→ **Task statement**
Only the pictures are to be dropped, and the rest of the data should be copied exactly.

→ **Image-text web data**
'''
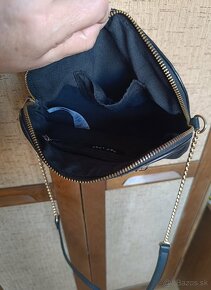 Čierna kabelka s výšivkou - 2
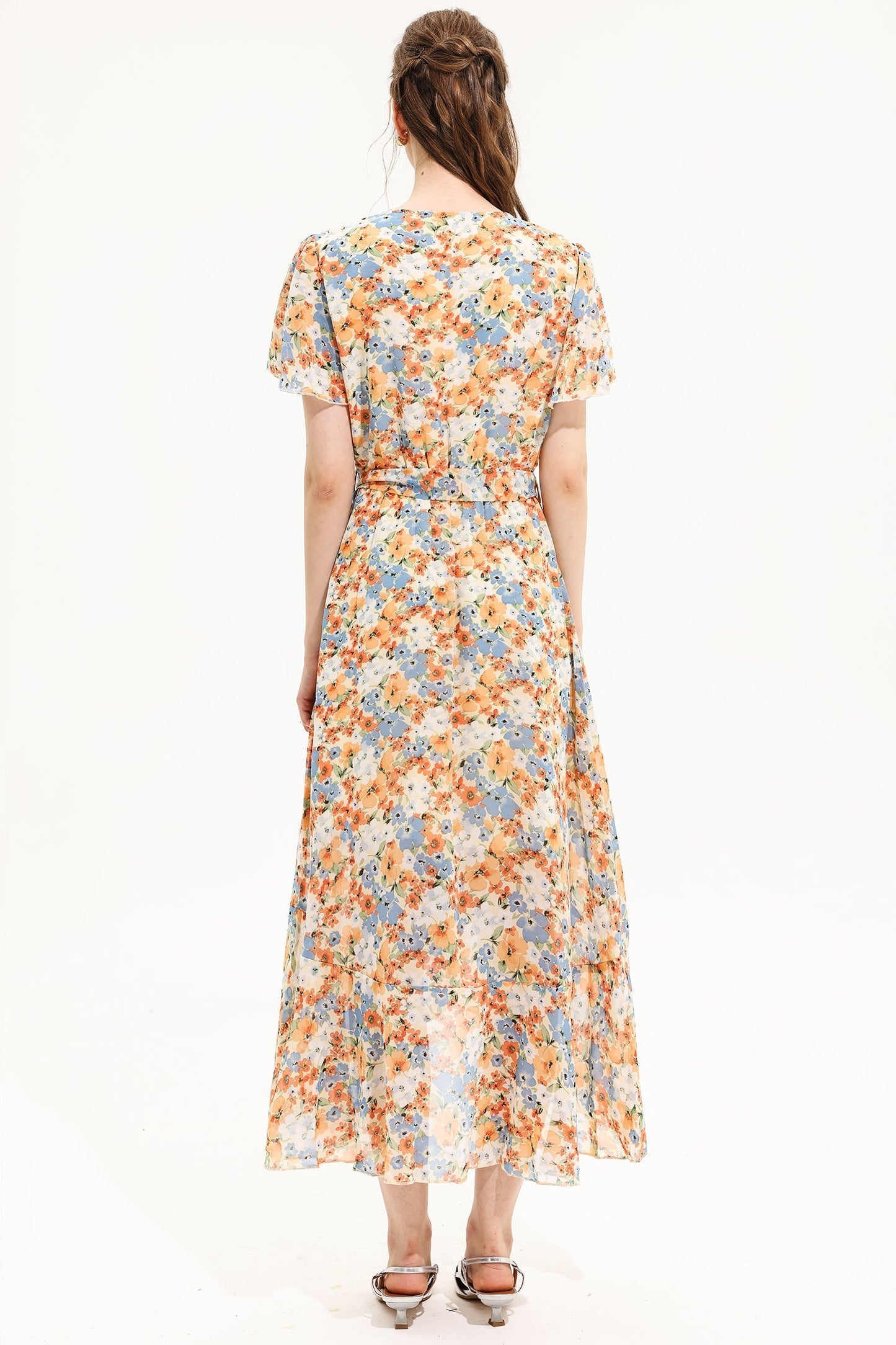 Vestido midi de manga corta con escote en V y estampado floral amarillo 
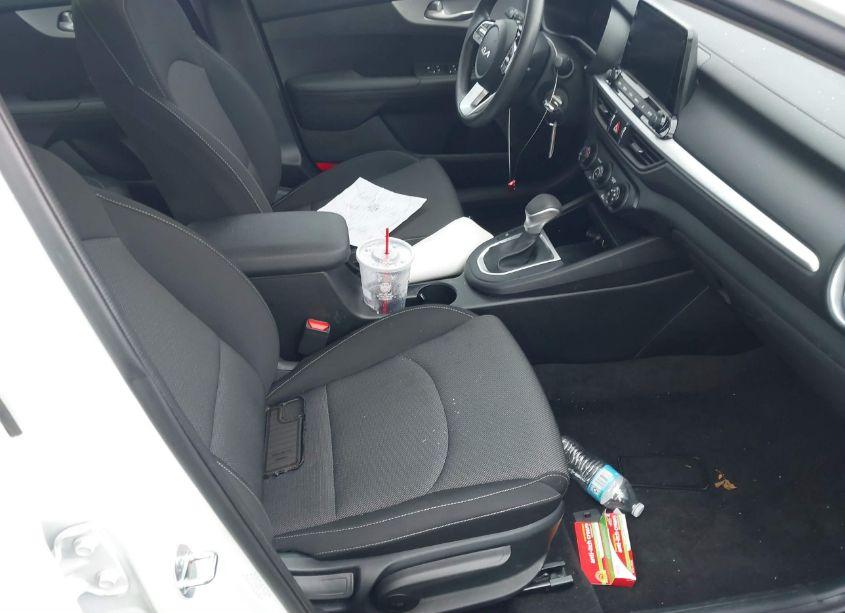 Photo 5 of 2024 Kia Forte LXS (VIN 3KPF24AD2RE770749)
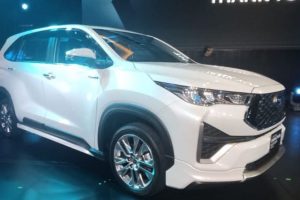 Harga Rp458 juta, Toyota Innova Zenix Hybrid rilis global di Indonesia
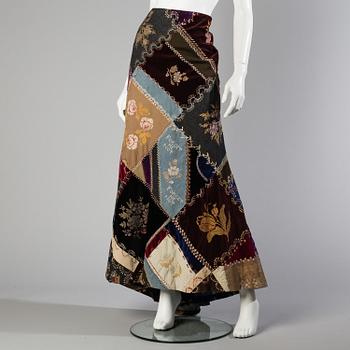 A denimpatchwork hobble-skirt by Ralph Lauren.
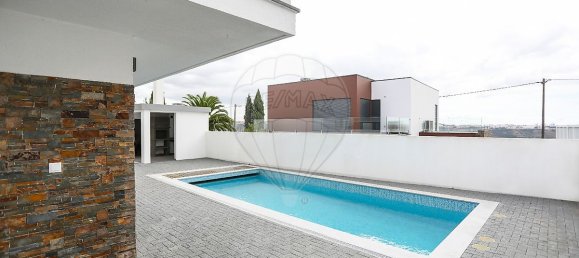 5 bedrooms House in Loures, Portugal No. 47440 8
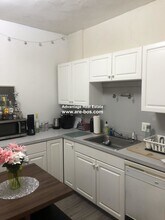 54 Egmont St, Unit 2 in Brookline, MA - Building Photo - Building Photo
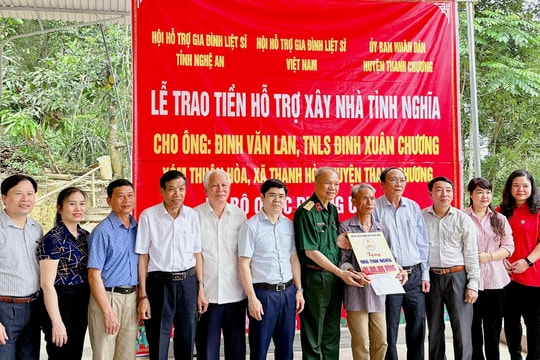 Trao 80 triệu đồng hỗ trợ xây dựng nhà tình nghĩa ở Thanh Chương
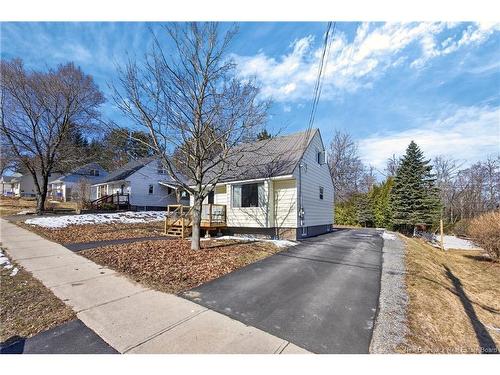 711 Kitchen St, Fredericton, NB 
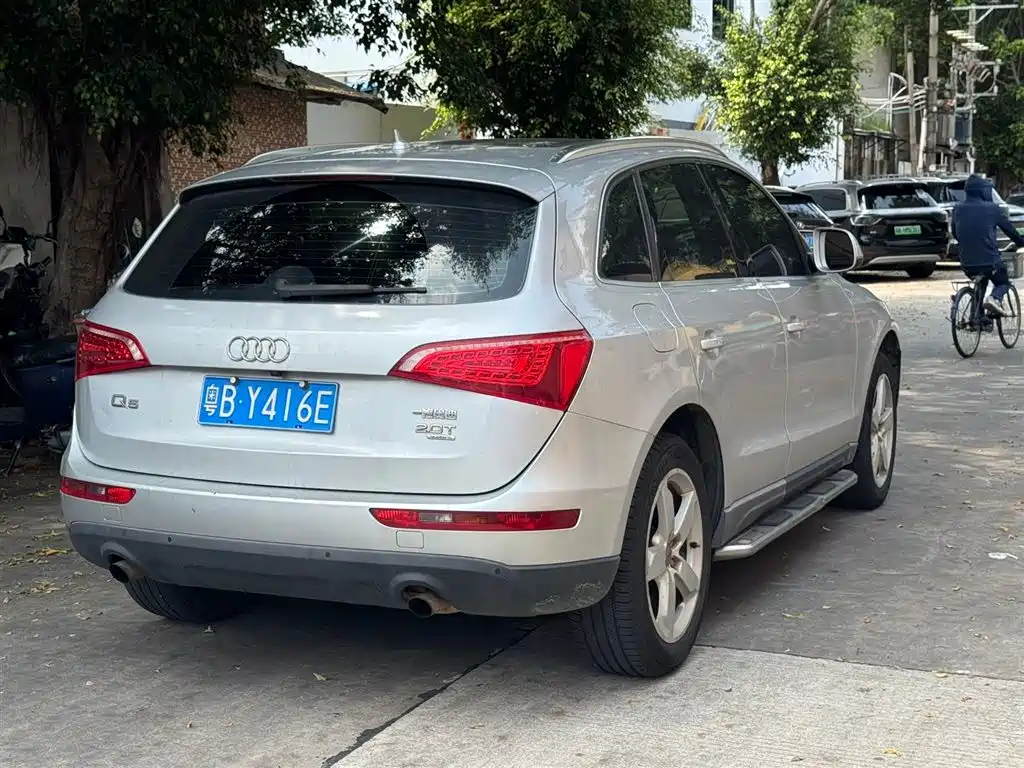 Audi Q5 2011 2.0TFSI Dynamic фото 9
'''
→ **Answer for this exercise**
 Čierna kabelka s výšivkou - 2
 Vestido midi de manga corta con escote en V y estampado floral amarillo 
 Photo 5 of 2024 Kia Forte LXS (VIN 3KPF24AD2RE770749)
 Harga Rp458 juta, Toyota Innova Zenix Hybrid rilis global di Indonesia
 A denimpatchwork hobble-skirt by Ralph Lauren.
 5 bedrooms House in Loures, Portugal No. 47440 8
 54 Egmont St, Unit 2 in Brookline, MA - Building Photo - Building Photo
 Trao 80 triệu đồng hỗ trợ xây dựng nhà tình nghĩa ở Thanh Chương
 711 Kitchen St, Fredericton, NB 
 Audi Q5 2011 2.0TFSI Dynamic фото 9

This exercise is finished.